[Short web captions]
+++++

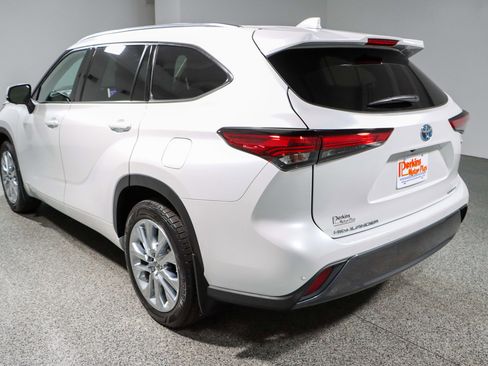 Used 2023 Toyota Highlander Limited AWD/4WD image 9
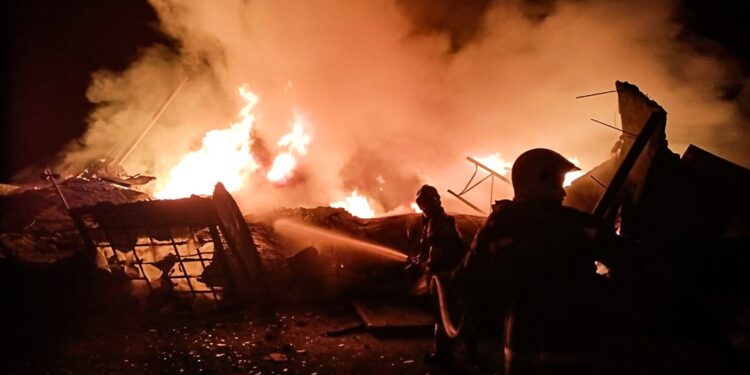 У Миколаєві внаслідок атаки безпілотників гасили дві масштабні пожежі (ФОТО, ВІДЕО)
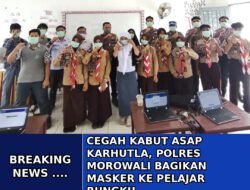 Cegah Kabut Asap Karhutla, Polres Morowali Bagikan Masker ke Pelajar Bungku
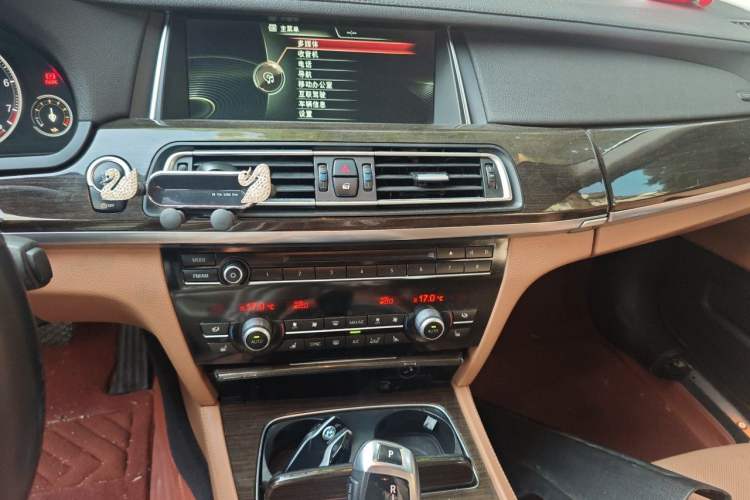 Used BMW 7 Series 2013 740Li Leading Model Audio And AC Panel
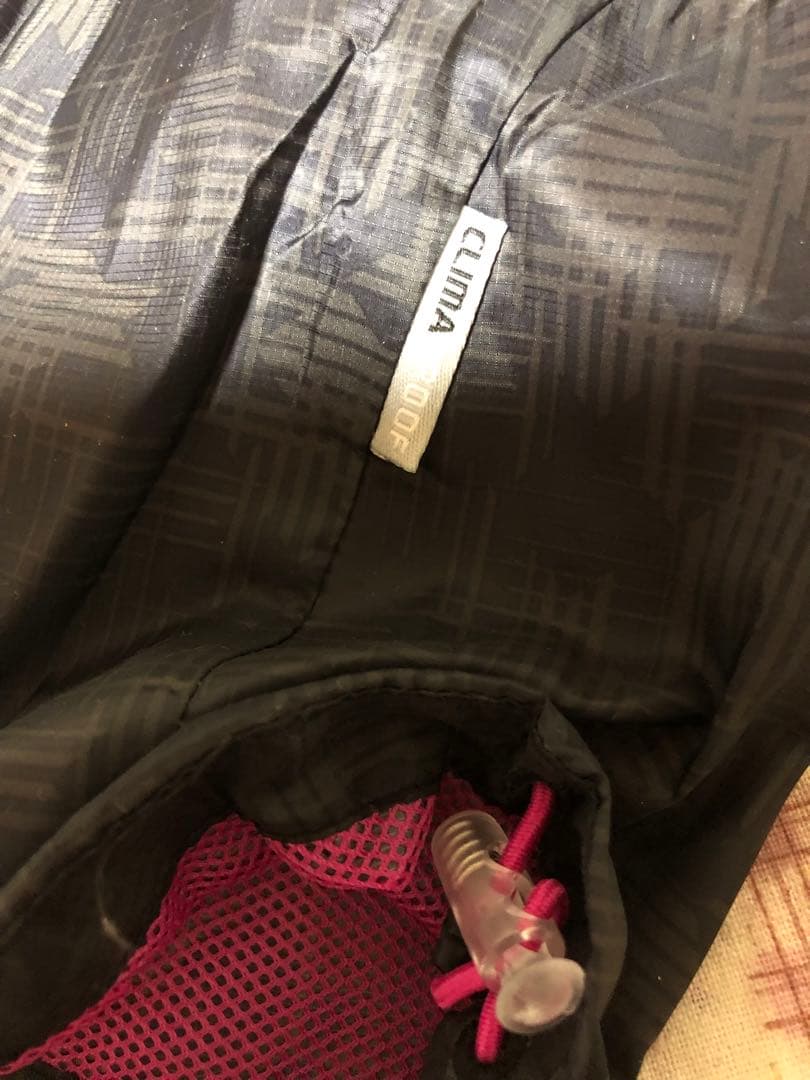 新品　アディダス　ジャケット　L   ブラック　模様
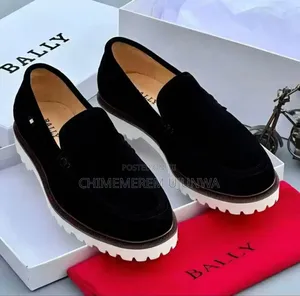 Quality Flat Shoe Available in Both Brands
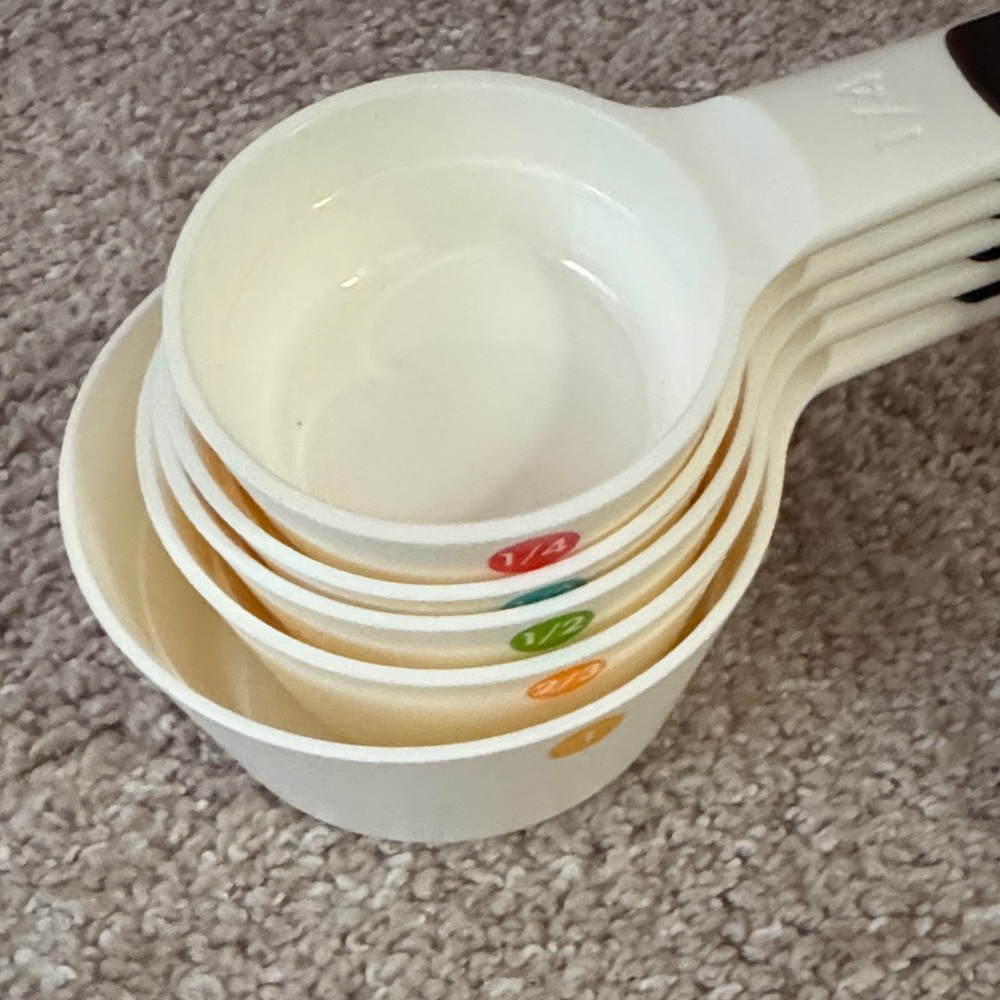 OXO White Measuring Cups Set with Color-Coded Fraction Labels - Picture 3 of 5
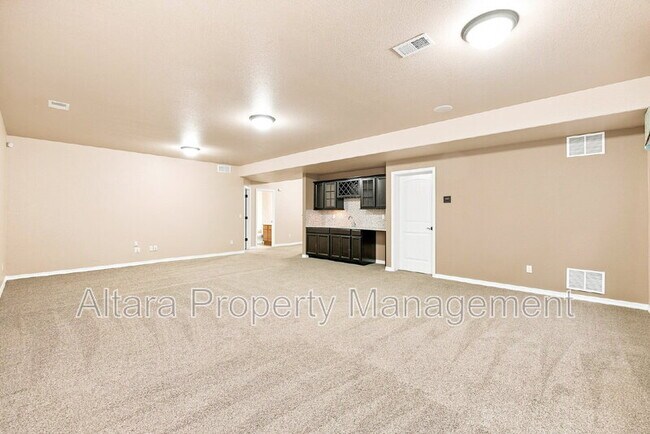 Building Photo - 7183 Cottonwood Tree Dr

+++++

■ Brief
Find the line holding "Quality Flat Shoe Available in Both Brands" in the data above. Retype it and every later line exactly, through the end, but not the pictures.

■ Reply to the task
 Quality Flat Shoe Available in Both Brands
 OXO White Measuring Cups Set with Color-Coded Fraction Labels - Picture 3 of 5
 Building Photo - 7183 Cottonwood Tree Dr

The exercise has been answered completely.